Руководителем организации «Вервольф», якобы, был назначен один из руководителей СС[43], но мне неизвестно, успел ли он что-либо сделать. Я могу только предположить, что инициатива создания такой организации принадлежала Гиммлеру или Борману. Я считал такую организацию совершенно необходимой и высказывал свои предположения еще тогда, когда стала реальной угроза с запада и востока. Я выступил со своими предложениями на совещании. Фюрер тоже был там, он соглашался со мной, но ничего конкретно не было сделано. Необходимо было создать тайные склады вооружения и боеприпасов в лесах, оставить войска, которые пропускали бы мимо себя вражеские войска и оставались в тылу. Я даже предложил организовать эту работу, но не получил согласия.
Вопрос: Что Вам известно о шпионской работе Германии против СССР?
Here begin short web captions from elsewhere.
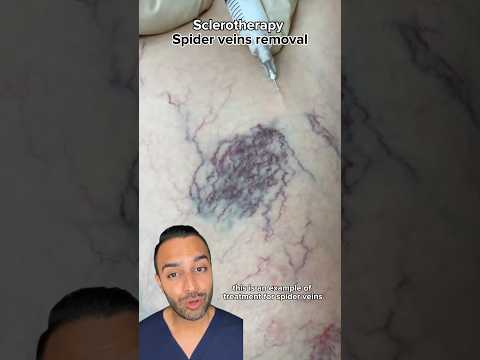 Removing Spider Veins With Sclerotherapy Treatments | Dr. Somji Explains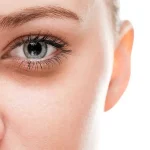 فیلر زیر چشم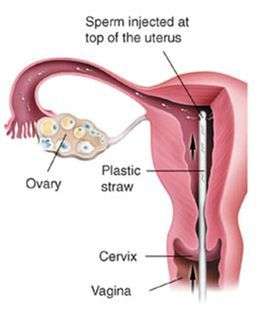 IUI or Intrauterine Insemination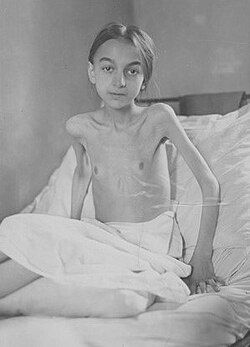 Press image of a malnourished German child with tuberculosis. Photo marked 1918–1920.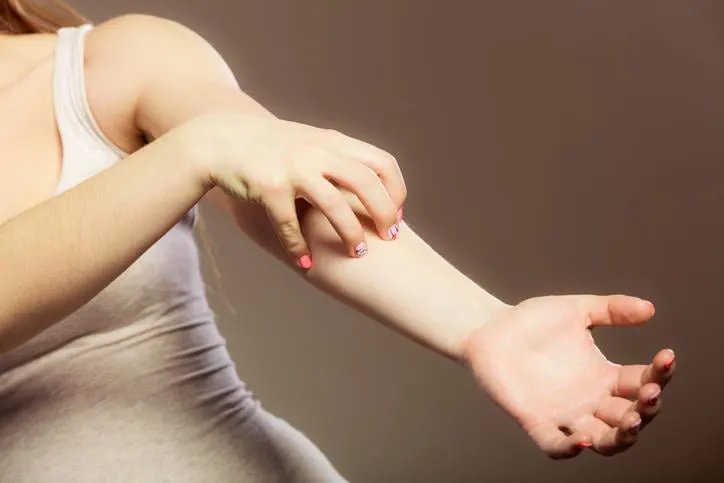 problème de santé jeune femme gratter son bras qui démange avec une éruption cutanée d'allergie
Ответ: До начала 1944 года вся разведывательная, и контрразведывательная работа находилась в руках Канариса. Впоследствии этим стал заниматься Гиммлер. Руководил разведывательной работой СС группенфюрер Шелленберг. Как практически им осуществлялась работа — я не знаю. Я только получал результаты этой работы, а также осуществлял переброску агентуры самолетами. Я был главнокомандующим военно-воздушных сил и мелочами не занимался. Я получал только заявки на самолеты для переброски агентуры. Маршруты полетов определялись «Абвером». Для переброски агентуры я выделял специальную эскадрилью[44], которая по заявкам Канариса и Шелленберга предоставляла самолеты для этой цели. Результатами каждой заброски я не интересовался. О наиболее интересных полетах мне рассказывали летчики, насколько я помню, самый длинный полет был осуществлен в районе Байкала.
Вопрос: Известно ли Вам местонахождение архивов и, в частности, архивов Министерства авиации?
Ответ: Государственные архивы были вывезены в Центральную Германию. Во второй половине апреля фюрером был издан приказ о том, чтобы сжечь все архивы Министерства авиации, но было ли это сделано — я не знаю.
Вопрос: Гитлеровская пропаганда длительное время распространяла слухи о расколе между нами и союзниками. На основании каких данных это делалось?
Ответ: Пропаганда приняла большие размеры, но никаких реальных оснований у нее к этому не было. Мы, военные, считали, что имеем единого врага. Я полагаю, что такого рода пропаганда велась только для того, чтобы усилить волю народа к сопротивлению.
Вопрос: На что надеялось гитлеровское правительство, продолжая войну, когда действительное положение должно быть совершенно ясным?
Ответ: Боже мой, фюрер был главнокомандующим и сам вел войну. Он придерживался абсолютного тезиса — никогда не капитулировать. Поскольку он продолжал войну, постольку и мы это должны были делать. Однажды он заявил: «Я не могу вести переговоров о мире. Я не буду вести переговоров, если это неизбежно, пусть это делает Геринг. Он в таких делах понимает гораздо больше».